SAN FRANCISCO — Preparations are under way at Vandenberg Air Force Base in California to mount an advanced climate and weather observation satellite, known as NPP, to its2 rocket in preparation for an Oct. 27 launch, government officials said Oct. 12.
The planned Oct. 13 mating of the satellite to its launch vehicle is “a monumental milestone” for the National Polar-orbiting Operational Environmental Satellite System (NPOESS) Preparatory Project (NPP), Andrew Carson, NPP program executive at NASA headquarters said.
NASA and Air Force officials also plan to conduct a full dress rehearsal of the NPP launch Oct. 21 and a launch readiness review Oct. 25. During the dress rehearsal for the $1.5 billion mission, the satellite and launch vehicle teams will be forced to respond to simulated anomalies while performing launch countdown procedures, Carson said during an Oct. 12 press briefing.
Those exercises are designed to ensure the satellite can be launched successfully Oct. 27. After a tumultuous start, the NPP program is running smoothly, Carson said. Since a series of technical troubles and ballooning costs led to the cancellation in 2010 of the NPOESS program, an effort to meet military and civil requirements with a single mission, NPP, which was once billed as an effort to reduce risk by testing new sensors, has become a critical piece of the U.S. government’s Earth observing campaign. Officials at NASA and the National Oceanic and Atmospheric Administration (NOAA) consider NPP critical to preserving long-term climate records and improving day-to-day weather forecasting.

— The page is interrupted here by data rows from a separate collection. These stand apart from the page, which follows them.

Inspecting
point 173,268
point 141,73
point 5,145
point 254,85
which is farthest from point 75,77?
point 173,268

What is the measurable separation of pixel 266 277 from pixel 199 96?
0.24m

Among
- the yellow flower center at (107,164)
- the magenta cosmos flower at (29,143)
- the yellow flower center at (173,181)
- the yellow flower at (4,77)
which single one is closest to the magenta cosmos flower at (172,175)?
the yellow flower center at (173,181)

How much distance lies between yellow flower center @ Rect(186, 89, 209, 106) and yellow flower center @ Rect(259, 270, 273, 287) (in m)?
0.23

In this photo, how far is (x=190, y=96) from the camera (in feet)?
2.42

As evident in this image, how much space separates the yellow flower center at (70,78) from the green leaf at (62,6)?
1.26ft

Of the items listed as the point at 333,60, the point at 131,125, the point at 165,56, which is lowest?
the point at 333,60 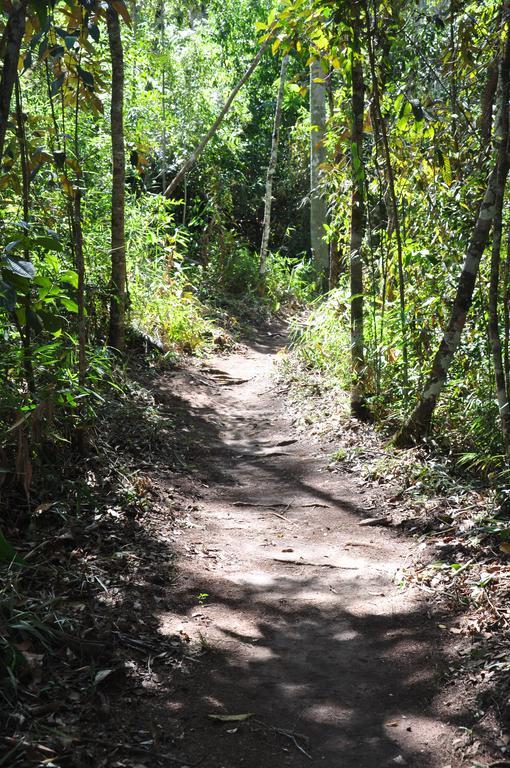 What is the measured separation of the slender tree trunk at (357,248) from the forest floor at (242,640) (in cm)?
123

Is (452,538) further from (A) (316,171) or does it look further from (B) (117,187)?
(A) (316,171)

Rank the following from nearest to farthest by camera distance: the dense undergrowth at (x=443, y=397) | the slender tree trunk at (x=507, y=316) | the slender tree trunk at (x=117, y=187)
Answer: the slender tree trunk at (x=507, y=316), the dense undergrowth at (x=443, y=397), the slender tree trunk at (x=117, y=187)

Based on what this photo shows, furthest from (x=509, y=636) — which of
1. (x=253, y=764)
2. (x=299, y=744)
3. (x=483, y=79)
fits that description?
(x=483, y=79)

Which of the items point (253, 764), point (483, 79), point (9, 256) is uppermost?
point (483, 79)

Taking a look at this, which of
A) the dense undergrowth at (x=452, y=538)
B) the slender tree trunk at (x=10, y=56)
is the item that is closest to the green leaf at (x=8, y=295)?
the slender tree trunk at (x=10, y=56)

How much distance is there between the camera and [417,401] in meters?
6.61

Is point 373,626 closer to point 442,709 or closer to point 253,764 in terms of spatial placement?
point 442,709

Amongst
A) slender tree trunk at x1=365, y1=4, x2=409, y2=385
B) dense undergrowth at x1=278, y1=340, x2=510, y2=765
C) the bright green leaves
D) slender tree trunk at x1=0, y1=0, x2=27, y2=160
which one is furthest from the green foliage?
slender tree trunk at x1=0, y1=0, x2=27, y2=160

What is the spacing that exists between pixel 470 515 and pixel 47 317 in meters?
3.14

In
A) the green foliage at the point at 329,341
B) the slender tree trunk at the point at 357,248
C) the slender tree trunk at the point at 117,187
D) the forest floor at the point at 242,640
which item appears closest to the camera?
the forest floor at the point at 242,640

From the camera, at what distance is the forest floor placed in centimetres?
304

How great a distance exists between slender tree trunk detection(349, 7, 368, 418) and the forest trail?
1022mm

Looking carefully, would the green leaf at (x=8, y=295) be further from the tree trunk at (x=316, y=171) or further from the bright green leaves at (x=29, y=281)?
the tree trunk at (x=316, y=171)

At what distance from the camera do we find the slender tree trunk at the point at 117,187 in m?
7.14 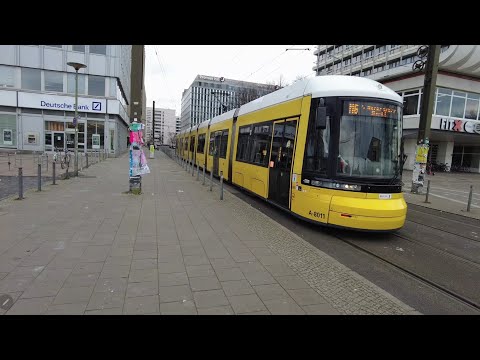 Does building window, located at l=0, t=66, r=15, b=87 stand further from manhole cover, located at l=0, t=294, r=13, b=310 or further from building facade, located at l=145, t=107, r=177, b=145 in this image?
building facade, located at l=145, t=107, r=177, b=145

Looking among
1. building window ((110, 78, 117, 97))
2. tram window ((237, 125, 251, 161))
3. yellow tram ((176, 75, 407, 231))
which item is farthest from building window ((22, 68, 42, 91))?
yellow tram ((176, 75, 407, 231))

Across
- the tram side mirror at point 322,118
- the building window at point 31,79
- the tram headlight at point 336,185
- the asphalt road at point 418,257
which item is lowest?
the asphalt road at point 418,257

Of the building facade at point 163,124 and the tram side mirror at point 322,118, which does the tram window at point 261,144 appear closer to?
the tram side mirror at point 322,118

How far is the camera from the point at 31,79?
89.8 ft

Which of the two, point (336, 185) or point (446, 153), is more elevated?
point (446, 153)

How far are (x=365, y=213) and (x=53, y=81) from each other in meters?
30.5

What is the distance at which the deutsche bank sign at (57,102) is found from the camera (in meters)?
27.5

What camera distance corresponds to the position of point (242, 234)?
6195mm

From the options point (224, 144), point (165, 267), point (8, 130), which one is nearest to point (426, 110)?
point (224, 144)

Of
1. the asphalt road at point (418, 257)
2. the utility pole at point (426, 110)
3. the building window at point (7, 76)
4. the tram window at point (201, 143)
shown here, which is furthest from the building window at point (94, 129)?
the utility pole at point (426, 110)

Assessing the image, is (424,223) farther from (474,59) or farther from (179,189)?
(474,59)

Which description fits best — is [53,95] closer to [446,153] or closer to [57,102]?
[57,102]

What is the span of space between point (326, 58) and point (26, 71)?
185 ft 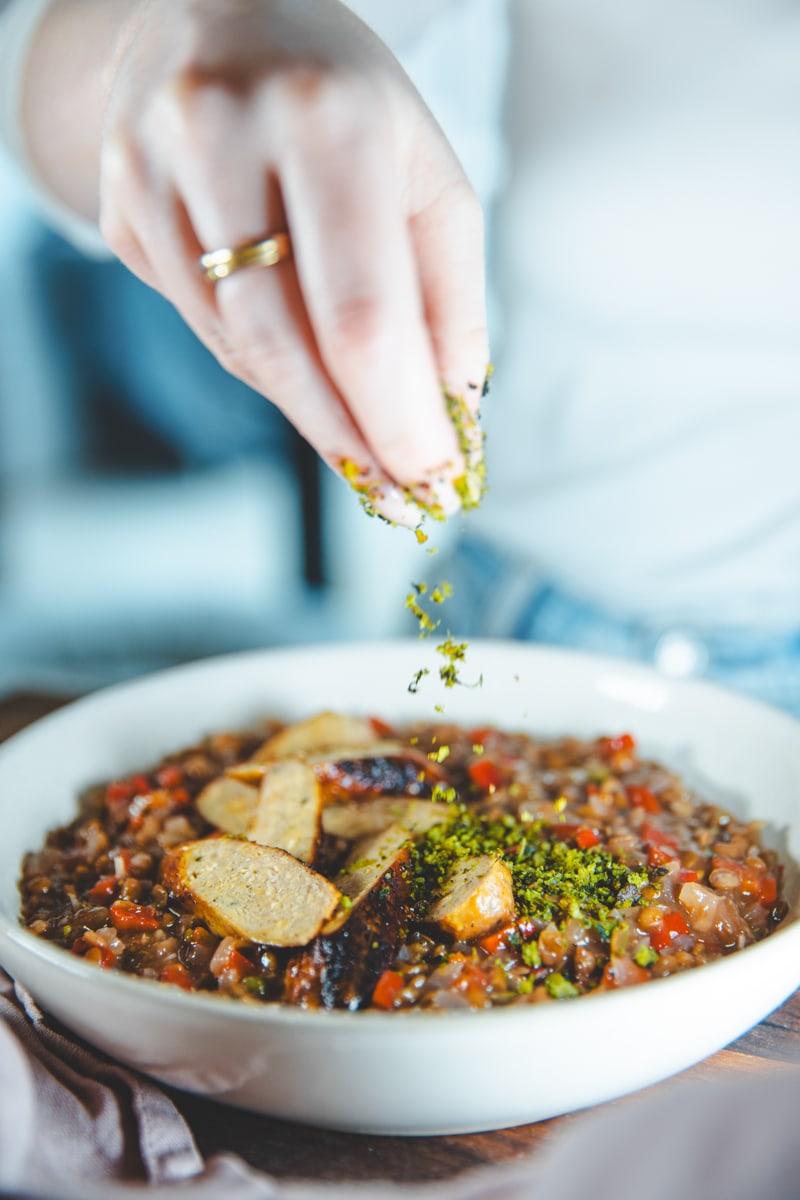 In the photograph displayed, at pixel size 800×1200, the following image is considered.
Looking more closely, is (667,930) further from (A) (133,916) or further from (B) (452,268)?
(B) (452,268)

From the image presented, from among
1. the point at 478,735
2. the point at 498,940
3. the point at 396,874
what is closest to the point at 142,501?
the point at 478,735

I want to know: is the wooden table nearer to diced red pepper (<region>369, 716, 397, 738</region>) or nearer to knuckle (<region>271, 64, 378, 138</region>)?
diced red pepper (<region>369, 716, 397, 738</region>)

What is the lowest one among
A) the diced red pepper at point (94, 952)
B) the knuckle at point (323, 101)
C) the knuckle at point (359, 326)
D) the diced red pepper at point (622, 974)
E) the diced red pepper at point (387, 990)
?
the diced red pepper at point (94, 952)

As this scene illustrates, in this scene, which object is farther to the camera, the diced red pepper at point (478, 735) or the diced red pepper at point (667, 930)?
the diced red pepper at point (478, 735)

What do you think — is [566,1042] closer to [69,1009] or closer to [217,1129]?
[217,1129]

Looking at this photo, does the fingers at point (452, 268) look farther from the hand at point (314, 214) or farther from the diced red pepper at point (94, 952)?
the diced red pepper at point (94, 952)

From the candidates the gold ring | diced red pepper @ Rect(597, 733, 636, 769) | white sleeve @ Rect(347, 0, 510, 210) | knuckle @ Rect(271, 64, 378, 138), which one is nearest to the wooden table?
diced red pepper @ Rect(597, 733, 636, 769)

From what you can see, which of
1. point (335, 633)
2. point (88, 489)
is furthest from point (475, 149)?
point (88, 489)

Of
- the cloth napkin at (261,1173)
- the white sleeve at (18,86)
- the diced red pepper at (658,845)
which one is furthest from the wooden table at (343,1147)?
the white sleeve at (18,86) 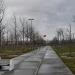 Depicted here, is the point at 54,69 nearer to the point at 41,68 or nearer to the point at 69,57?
the point at 41,68

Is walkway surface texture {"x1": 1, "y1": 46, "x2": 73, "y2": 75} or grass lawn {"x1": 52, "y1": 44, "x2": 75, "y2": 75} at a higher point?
walkway surface texture {"x1": 1, "y1": 46, "x2": 73, "y2": 75}

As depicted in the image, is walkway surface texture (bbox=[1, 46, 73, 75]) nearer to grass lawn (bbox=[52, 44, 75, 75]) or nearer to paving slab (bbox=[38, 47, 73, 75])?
paving slab (bbox=[38, 47, 73, 75])

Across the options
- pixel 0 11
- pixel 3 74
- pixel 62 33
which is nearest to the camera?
pixel 3 74

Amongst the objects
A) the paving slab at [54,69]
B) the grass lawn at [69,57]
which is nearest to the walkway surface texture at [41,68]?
the paving slab at [54,69]

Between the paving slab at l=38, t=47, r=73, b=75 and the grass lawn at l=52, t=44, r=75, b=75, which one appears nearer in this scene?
the paving slab at l=38, t=47, r=73, b=75

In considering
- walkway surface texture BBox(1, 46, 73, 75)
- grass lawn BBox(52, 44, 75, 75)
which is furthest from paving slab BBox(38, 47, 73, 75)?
grass lawn BBox(52, 44, 75, 75)

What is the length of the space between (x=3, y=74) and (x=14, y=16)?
4903 cm

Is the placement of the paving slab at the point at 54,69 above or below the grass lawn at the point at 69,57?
above

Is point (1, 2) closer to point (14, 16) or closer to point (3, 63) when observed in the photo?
point (3, 63)

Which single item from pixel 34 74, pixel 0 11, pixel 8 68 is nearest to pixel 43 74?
pixel 34 74

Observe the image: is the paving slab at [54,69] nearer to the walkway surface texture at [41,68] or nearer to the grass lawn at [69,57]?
the walkway surface texture at [41,68]

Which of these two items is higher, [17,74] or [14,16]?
[14,16]

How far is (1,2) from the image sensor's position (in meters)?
36.2

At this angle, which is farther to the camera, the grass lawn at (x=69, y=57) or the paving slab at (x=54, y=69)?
the grass lawn at (x=69, y=57) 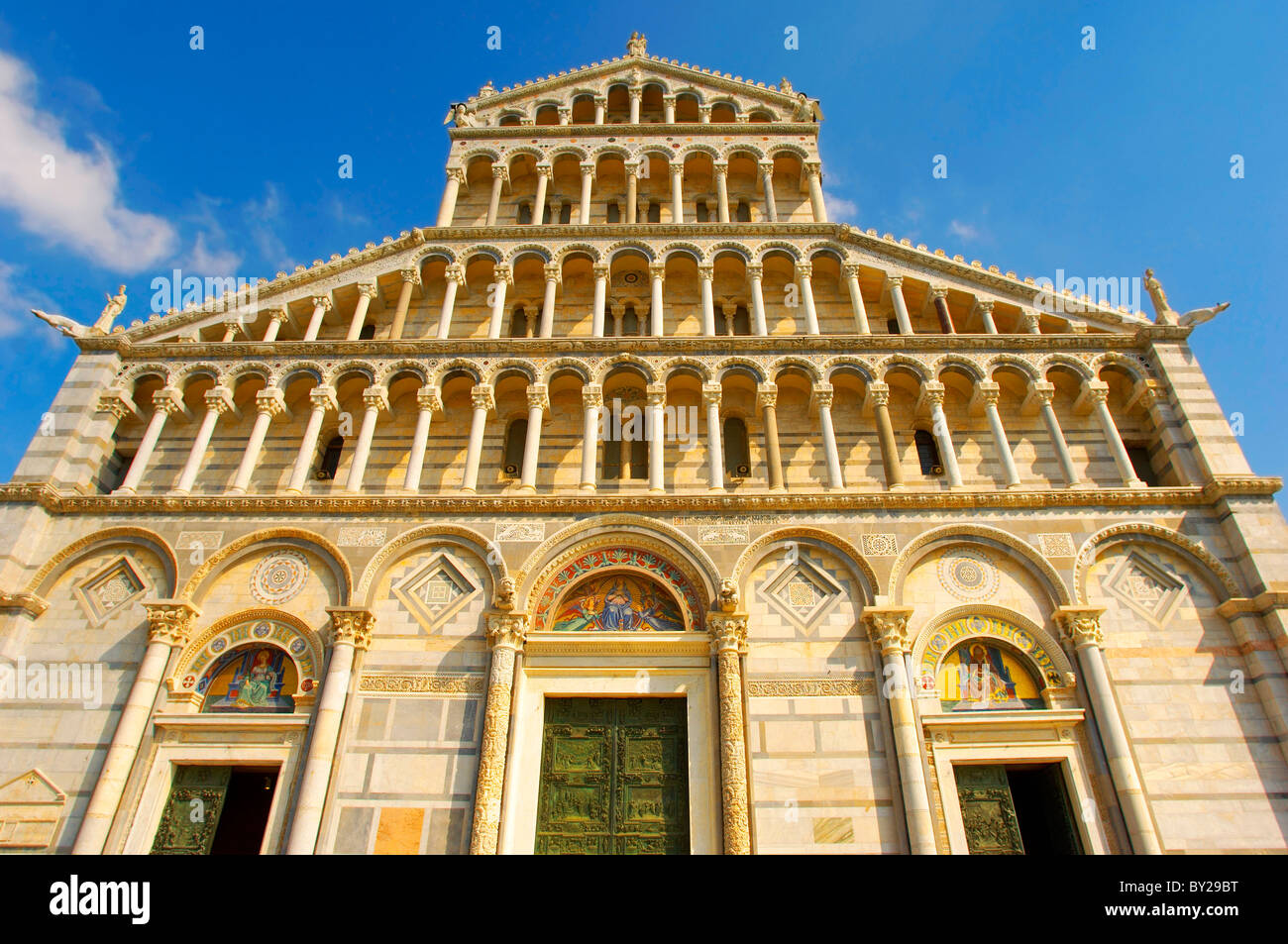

Many of the space-based sensors NASA and NOAA officials currently rely on to gather data on Earth and its atmosphere are well beyond their anticipated lifespan, leading to worries that the sensors will stop functioning before their replacements aboard NPP are fully operational, NASA and NOAA officials said. After NPP’s launch, government officials plan to spend approximately 18 months calibrating the spacecraft’s five instruments and validating the data they produce, Carson said in a Sept. 29 phone interview. As various data products become available, they will be fed into global climate models and made available to the public through NASA and NOAA websites, Carson added.
Some data sets important to weather forecasting may be available in six months, said Louis Uccellini, director of NOAA’s National Centers for Environmental Prediction in Camp Springs, Md.